One hundred twenty-five studies that satisfied our inclusion criteria enrolled 198,130 patients. The pooled weighted incidence of cough for enalapril was 11.48% (95% confidence interval [CI], 9.54% to 13.41%), which was ninefold greater compared to the reported rate in the PDR/drug label (1.3%). The pooled weighted withdrawal rate due to cough for enalapril was 2.57% (95% CI, 2.40-2.74), which was 31-fold greater compared to the reported rate in the PDR/drug label (0.1%). The incidence of cough has increased progressively over the last 2 decades with accumulating data, but it has been reported consistently several-fold less in the PDR compared to the RCTs. The results were similar for most other ACE inhibitors.

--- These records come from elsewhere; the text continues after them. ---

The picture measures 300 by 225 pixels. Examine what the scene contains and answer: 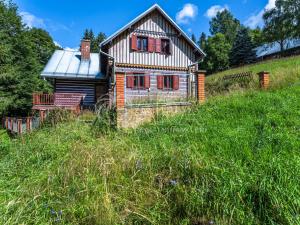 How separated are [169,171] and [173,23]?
14671 mm

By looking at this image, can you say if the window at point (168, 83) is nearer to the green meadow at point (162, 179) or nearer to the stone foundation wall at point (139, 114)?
the stone foundation wall at point (139, 114)

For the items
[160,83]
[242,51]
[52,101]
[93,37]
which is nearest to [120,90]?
[160,83]

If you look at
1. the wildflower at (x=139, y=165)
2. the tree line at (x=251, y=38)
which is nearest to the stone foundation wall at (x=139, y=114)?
the wildflower at (x=139, y=165)

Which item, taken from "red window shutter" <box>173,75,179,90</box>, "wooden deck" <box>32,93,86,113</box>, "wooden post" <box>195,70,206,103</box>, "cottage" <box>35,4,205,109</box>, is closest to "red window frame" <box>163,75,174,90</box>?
"cottage" <box>35,4,205,109</box>

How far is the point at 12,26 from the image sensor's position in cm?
3047

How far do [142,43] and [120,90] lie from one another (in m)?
9.53

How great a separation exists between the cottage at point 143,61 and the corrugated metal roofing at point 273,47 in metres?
28.6

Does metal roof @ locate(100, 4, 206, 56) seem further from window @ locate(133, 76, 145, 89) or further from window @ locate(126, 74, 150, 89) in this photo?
window @ locate(133, 76, 145, 89)

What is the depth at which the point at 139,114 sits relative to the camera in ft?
25.3

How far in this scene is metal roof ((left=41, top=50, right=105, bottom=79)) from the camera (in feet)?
58.8

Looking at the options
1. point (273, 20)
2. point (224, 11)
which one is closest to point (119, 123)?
point (273, 20)

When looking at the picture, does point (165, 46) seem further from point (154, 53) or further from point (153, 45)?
point (154, 53)

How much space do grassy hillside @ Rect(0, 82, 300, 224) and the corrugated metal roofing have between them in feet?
131

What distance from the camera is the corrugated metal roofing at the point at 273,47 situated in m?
39.3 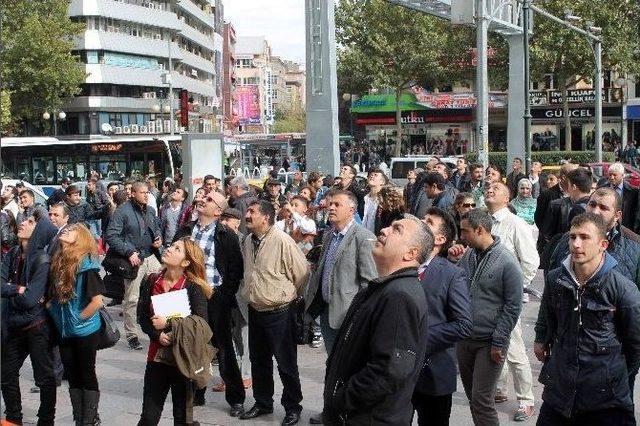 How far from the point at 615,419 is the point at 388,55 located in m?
55.7

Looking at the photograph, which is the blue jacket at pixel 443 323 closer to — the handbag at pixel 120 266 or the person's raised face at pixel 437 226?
the person's raised face at pixel 437 226

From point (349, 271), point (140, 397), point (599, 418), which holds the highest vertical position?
point (349, 271)

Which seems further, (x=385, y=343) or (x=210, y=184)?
(x=210, y=184)

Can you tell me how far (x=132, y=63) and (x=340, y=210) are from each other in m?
71.0

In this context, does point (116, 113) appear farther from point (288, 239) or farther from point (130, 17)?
point (288, 239)

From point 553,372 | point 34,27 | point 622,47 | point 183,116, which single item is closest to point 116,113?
point 34,27

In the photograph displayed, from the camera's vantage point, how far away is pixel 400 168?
3538cm

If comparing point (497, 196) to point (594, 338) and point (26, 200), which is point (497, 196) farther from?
point (26, 200)

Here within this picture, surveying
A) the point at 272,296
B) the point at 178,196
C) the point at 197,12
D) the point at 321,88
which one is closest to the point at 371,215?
the point at 178,196

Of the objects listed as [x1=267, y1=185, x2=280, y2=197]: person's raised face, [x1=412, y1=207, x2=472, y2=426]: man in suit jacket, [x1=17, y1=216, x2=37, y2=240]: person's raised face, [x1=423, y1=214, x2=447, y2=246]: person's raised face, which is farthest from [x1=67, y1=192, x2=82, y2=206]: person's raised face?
[x1=412, y1=207, x2=472, y2=426]: man in suit jacket

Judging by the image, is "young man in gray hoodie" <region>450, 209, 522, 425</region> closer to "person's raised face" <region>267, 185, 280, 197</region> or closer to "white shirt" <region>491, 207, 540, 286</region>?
"white shirt" <region>491, 207, 540, 286</region>

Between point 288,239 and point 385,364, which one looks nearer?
point 385,364

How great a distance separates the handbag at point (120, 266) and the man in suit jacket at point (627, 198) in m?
5.78

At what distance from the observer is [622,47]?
48.6m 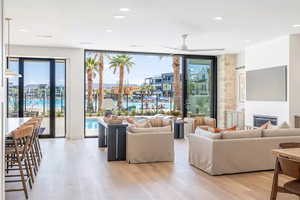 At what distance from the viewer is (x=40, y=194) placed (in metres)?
3.91

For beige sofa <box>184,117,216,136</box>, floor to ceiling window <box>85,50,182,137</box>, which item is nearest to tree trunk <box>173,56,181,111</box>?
floor to ceiling window <box>85,50,182,137</box>

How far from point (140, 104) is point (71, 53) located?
286 centimetres

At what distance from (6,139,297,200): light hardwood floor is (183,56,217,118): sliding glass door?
15.0ft

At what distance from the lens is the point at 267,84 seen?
7.91 meters

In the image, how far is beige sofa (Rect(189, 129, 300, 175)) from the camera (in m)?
4.84

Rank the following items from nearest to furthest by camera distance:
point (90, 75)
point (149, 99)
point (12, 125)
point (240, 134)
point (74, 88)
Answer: point (12, 125) → point (240, 134) → point (74, 88) → point (90, 75) → point (149, 99)

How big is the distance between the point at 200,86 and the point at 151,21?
5.16 m

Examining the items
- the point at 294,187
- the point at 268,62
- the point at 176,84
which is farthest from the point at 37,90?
the point at 294,187

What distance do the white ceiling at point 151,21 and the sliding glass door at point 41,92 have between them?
0.98m

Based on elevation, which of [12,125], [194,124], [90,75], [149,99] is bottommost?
[194,124]

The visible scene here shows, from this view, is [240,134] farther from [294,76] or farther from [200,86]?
[200,86]

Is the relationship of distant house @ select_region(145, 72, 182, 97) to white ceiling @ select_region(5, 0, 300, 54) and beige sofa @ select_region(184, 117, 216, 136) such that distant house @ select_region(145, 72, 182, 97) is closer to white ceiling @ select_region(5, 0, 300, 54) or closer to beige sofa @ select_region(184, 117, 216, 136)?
beige sofa @ select_region(184, 117, 216, 136)

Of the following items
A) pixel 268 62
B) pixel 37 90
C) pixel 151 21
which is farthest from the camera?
pixel 37 90

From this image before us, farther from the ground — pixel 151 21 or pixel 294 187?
pixel 151 21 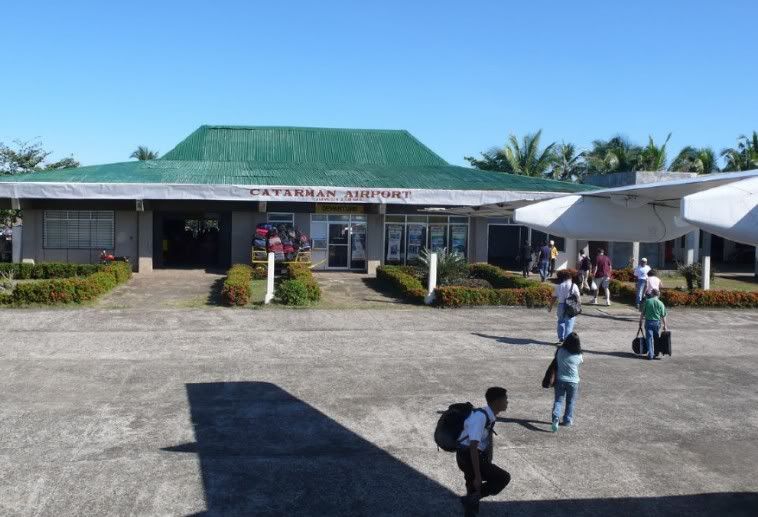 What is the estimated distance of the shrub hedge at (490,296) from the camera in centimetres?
1850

The incidence of ACE inhibitor-associated cough and the withdrawal rate (the more objective metric) due to cough is significantly greater in the literature than reported in the PDR/drug label and is likely to be even greater in the real world when compared with the data from RCTs. There exists a gap between the data available from the literature and that which is presented to the consumers (prescribing physicians and patients).